Source records
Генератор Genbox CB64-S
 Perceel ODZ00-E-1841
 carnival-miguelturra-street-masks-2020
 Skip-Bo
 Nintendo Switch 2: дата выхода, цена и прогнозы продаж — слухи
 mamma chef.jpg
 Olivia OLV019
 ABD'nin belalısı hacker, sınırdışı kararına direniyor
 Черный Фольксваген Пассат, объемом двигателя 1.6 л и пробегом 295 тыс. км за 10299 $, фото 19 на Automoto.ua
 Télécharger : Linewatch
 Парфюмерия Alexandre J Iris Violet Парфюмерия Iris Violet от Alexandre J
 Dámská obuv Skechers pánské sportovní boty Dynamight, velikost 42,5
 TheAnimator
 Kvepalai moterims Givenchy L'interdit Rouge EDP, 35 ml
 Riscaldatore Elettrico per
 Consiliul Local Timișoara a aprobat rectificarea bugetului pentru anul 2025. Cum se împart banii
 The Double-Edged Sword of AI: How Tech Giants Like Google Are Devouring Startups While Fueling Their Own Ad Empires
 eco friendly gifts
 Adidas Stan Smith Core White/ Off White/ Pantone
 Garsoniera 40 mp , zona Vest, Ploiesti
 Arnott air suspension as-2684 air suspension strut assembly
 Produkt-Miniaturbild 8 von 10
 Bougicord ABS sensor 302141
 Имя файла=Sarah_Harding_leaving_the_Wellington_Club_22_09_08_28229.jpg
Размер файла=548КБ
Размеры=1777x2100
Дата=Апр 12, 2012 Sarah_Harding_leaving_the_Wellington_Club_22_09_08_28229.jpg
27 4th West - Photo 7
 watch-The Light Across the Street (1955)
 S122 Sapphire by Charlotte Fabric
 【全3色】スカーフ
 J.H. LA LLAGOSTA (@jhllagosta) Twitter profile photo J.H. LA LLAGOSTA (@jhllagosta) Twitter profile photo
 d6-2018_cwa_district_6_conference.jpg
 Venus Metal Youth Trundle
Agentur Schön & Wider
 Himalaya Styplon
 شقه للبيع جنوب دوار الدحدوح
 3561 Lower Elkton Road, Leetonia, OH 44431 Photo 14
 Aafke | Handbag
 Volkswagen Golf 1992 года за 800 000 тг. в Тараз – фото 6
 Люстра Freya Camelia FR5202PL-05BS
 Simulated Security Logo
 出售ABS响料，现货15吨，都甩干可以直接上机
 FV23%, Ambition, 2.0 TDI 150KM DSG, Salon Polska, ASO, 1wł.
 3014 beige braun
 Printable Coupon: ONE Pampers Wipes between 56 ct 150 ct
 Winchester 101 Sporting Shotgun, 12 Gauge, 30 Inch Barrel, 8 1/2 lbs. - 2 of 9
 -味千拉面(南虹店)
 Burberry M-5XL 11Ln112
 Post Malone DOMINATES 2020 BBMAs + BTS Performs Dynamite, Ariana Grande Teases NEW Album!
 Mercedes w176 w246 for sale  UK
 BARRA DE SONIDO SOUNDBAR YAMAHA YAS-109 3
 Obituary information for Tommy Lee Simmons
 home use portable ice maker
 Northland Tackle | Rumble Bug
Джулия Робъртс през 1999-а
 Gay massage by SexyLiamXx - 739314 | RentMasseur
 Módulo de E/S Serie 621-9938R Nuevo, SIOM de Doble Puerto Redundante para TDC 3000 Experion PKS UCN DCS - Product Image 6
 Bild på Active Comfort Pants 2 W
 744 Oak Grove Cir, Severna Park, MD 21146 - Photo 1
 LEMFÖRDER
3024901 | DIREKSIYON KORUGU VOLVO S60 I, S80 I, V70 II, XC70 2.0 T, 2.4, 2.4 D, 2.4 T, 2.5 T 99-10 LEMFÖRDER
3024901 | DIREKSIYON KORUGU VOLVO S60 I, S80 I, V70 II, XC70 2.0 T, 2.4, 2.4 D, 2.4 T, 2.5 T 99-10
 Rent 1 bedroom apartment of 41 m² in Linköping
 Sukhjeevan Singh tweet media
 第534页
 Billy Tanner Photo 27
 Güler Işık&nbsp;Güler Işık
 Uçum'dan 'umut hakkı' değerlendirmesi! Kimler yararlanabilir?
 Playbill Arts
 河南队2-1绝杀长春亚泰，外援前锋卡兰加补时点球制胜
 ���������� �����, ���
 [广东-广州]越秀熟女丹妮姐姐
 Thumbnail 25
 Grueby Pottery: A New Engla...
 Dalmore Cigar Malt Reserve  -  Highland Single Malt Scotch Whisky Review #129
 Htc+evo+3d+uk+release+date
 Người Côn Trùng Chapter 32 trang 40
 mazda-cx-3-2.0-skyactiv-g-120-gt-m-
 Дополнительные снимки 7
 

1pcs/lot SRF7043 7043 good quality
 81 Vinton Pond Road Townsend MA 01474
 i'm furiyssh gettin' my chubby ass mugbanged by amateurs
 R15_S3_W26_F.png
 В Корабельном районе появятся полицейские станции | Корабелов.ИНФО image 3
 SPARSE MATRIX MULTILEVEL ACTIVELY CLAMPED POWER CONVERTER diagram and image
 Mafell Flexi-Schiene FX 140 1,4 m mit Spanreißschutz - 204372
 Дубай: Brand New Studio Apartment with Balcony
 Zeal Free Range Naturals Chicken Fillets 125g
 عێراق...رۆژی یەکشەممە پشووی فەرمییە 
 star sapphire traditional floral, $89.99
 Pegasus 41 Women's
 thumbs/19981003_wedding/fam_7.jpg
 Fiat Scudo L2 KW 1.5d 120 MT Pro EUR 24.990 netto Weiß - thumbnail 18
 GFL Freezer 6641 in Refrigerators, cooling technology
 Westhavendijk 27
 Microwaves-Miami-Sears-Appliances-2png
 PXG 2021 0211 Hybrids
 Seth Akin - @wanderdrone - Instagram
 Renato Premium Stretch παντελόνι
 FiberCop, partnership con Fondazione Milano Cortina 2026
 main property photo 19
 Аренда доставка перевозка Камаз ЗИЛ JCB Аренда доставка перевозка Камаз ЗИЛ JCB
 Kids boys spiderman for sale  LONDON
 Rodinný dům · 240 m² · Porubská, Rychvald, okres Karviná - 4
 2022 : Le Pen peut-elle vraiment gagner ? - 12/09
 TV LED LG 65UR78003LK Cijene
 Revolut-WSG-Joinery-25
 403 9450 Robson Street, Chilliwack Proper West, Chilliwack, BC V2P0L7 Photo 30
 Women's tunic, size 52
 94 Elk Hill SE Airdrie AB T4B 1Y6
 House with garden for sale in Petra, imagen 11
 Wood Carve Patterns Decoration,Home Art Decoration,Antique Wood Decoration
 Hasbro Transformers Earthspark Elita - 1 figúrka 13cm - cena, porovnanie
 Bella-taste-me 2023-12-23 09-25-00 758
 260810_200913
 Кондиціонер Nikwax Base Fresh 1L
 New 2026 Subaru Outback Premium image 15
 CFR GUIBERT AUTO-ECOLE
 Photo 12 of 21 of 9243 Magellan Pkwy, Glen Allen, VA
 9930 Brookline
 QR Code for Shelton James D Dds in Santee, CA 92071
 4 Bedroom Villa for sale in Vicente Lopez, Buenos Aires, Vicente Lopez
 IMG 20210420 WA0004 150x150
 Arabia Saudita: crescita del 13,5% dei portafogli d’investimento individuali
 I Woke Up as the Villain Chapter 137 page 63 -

* _To do_: For each line above that holds the string "LEMFÖRDER", provide a copy of that line.

* _Exercise solution_:
 LEMFÖRDER
3024901 | DIREKSIYON KORUGU VOLVO S60 I, S80 I, V70 II, XC70 2.0 T, 2.4, 2.4 D, 2.4 T, 2.5 T 99-10 LEMFÖRDER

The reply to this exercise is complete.